Before giving a slight summary of its contents I must mention that it is addressed “to the bishops and presbyters of the whole of Ireland,” and that Gilbert declares that he wrote it at the urgent request of many of them. In this statement there may lurk an element of exaggeration. But behind it there lies at least so much truth as this. A considerable body of the clergy had approached the newly made legate, and requested his instruction regarding the proper constitution of the Church - for such is the subject of his tract; and that implies that the Romanizing movement was no longer in its infancy. There were many bishops and presbyters who had become dissatisfied with the old Irish method of Church government. They desired to bring it into conformity with that of the Roman Church. But they were in some uncertainty as to the nature of the changes that should be made, and so they asked Gilbert to give them authoritative counsel.

In reply to their petition, with the aid of an elaborate diagram, he sketched as follows the organization of a properly ordered Church.

The bishops, he tells us, and others of higher rank in the ministry belong to the general Church, as distinct from particular churches. The priest is the highest officer in a particular church. It is the primary duty of every priest to serve and obey his bishop with all humility.

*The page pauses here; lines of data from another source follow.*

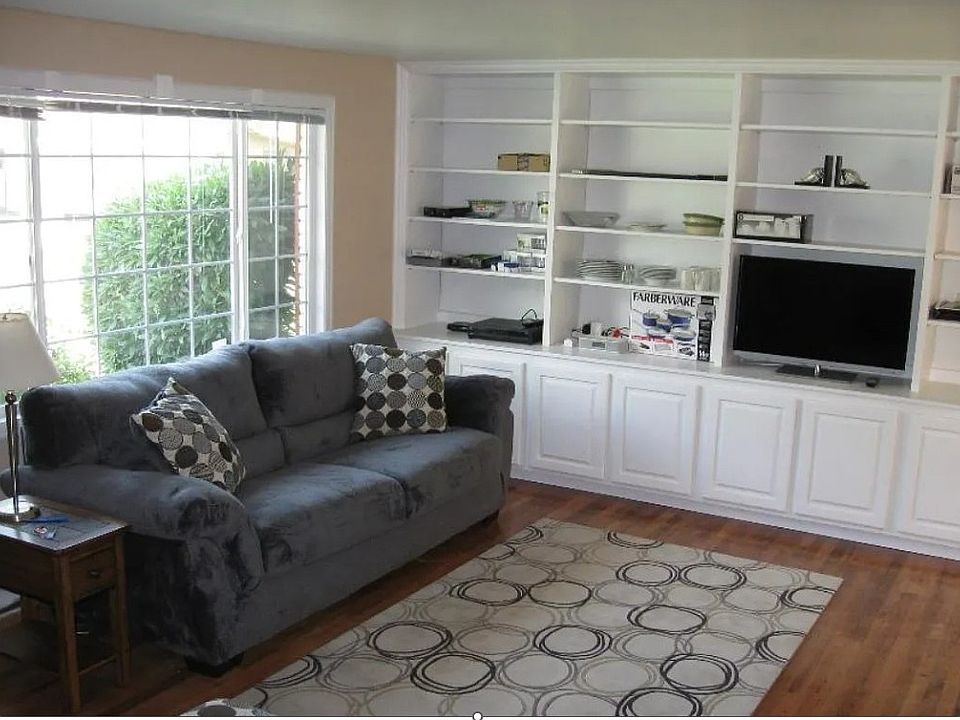 1st image of 2418 W Malad St Unit A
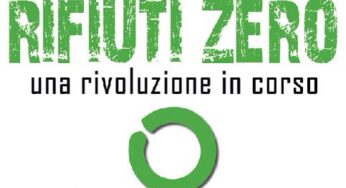 #Formia – Formia Rifiuti Zero, ottima partecipazione al concorso per l’assunzione di due impiegati a tempo determinato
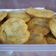 Cooksnap dari Yuliningrum untuk resep Roti maryam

For by the bishops particular churches are ruled. To each bishop are subject all the churches within his jurisdiction. And this applies as well to monastic establishments as to parishes. The head of each parish is a priest, the head of each monastery is an abbot, who is himself a priest. The bishop has a pontifical church, in which is his see (sedes), and of which he is the head. From it he governs the inferior churches. A bishop can perform all the offices of a priest, but he has seven functions peculiar to himself: to confirm, to bless, to absolve, to hold synods, to dedicate churches and altars, to consecrate the ornaments of churches, to ordain abbots and abbesses and the secular clergy. Gilbert’s diagram represented the bishop as ruling two churches; but he explains that this is to be interpreted figuratively. A bishop may have as many as a thousand churches within his jurisdiction: he must have at least ten.

A bishop is himself subject to authority. His immediate superior is the archbishop. An archbishop has a sphere of immediate jurisdiction, like any other bishop, but he also rules a number of subject bishops. Of these there must be at least three; but an archbishop is not permitted to have more than twenty subject bishops - an important point, as we shall see. Above the archbishop is the primate. It is the special privilege of the primate to ordain and crown the king. He too has his sphere of immediate jurisdiction, and he must have at least one subject archbishop, but not more than six.

Primates and archbishops must be consecrated at Rome by the Pope, or at least must receive the pall from him. Without the pall they are not raised above their fellow-bishops.

Finally, the primates are subject to the Pope, and the Pope to Christ.

The higher members of the hierarchy have their analogues in the civil order. The Pope corresponds to the emperor, the primate to the king, an archbishop to a duke, a bishop to an earl, a priest to a knight. But all these are merely grades of the order of priests. There are but seven orders of the ministry - priests, deacons, sub-deacons, acolytes, exorcists, readers and door-keepers. Of the laity Gilbert says little. They are of two classes; husbandmen and soldiers. Their duties are to attend church, to pay first-fruits, tithes and oblations, to avoid evil and do good, and to obey their pastors.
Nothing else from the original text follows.